Saturday, December 31, 2016

Points of light

This is Comet 45P.  It has a longer name.  If you look up now, you might see it. 

Comets were once considered harbingers of dread, but that would be redundant.  And trite.  I prefer to close the year with words from a woman I never heard of until she resigned from the Mormon Tabernacle Choir because she could not bring herself to participate in an event scheduled for January 20, 2017.  This is what Jan Chamberlin wrote:

"Tyranny is now on our doorstep; it has been sneaking its way into our lives through stealth.  We must continue our love and support for the refugees and the oppressed by fighting against these great evils."


Monday, December 26, 2016

With charity for all

Someone asked Carl Paladino, onetime candidate for governor of New York and now Trump state chairman, what he wanted to see in 2017:

   "Obama catches mad cow disease after being caught having relations with a Herford [sic].  He dies
    before his trial and is buried in a cow pasture next to Valerie Jarret [sic] who died weeks prior after
    being convicted of sedition and treason, when a Jihady [sic] cellmate mistook her for being a nice
    person and decapitated her...Michelle Obama, I'd like her to return to being a male and let loose
    in the outback of Zimbabwe where she lives comfortably with Maxie the gorilla."

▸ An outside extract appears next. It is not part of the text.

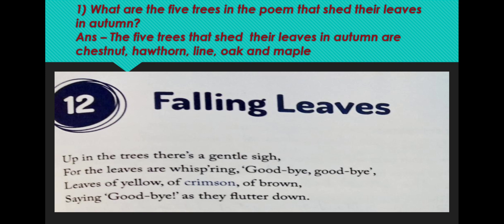Now let's see the question: What are the five trees in the poem that shed their leaves in autumn? The five trees that shed their leaves in autumn are chestnut, hawthorn, lime, oak, and maple.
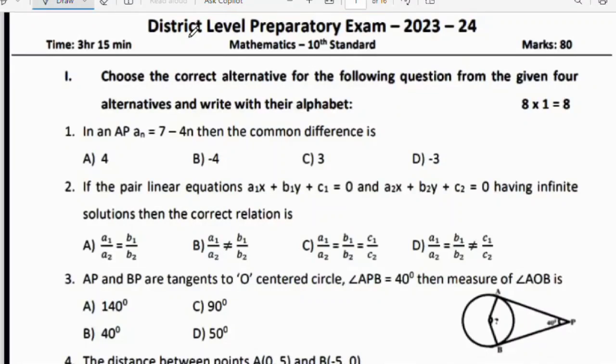Hello dear students, welcome back to Royce and Creations YouTube channel. In this video, let us analyze the maths preparatory exam question paper 2023-24. This is a model question paper — I am not saying this paper will come to your preparatory exam. I am already discussing many preparatory model question papers, so you can get the pattern and many questions will repeat in your final and preparatory exam, so that you can score good marks.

It's all there -- the appalling grammar, the fixation on bestiality, the bizarre but unshakeable alt-right trope that the most glamorous First Lady since Jacqueline Kennedy is really a man --I pity the public school children of Buffalo with this sitting on their school board.  Our next ambassador to South Africa?

Here's something I learned only recently from reading Bill Bryson's One Summer:  America 1927:  When Italian immigrants came here at the turn of the twentieth century and settled in the South, their children were often required to attend black schools.  They were not considered white by local government and were harassed by the Klan for being immigrants and Catholics.  This doesn't excuse anything, but maybe it helps to explain why awful individuals like Paladino and Giuliani feel they have to work harder (often grotesquely harder) at their racism than regular bigots like Trump and Sessions.  No dog whistles for them, always looking over their shoulders, never quite sure that they are "white" enough even now.  What a terrible way to live.    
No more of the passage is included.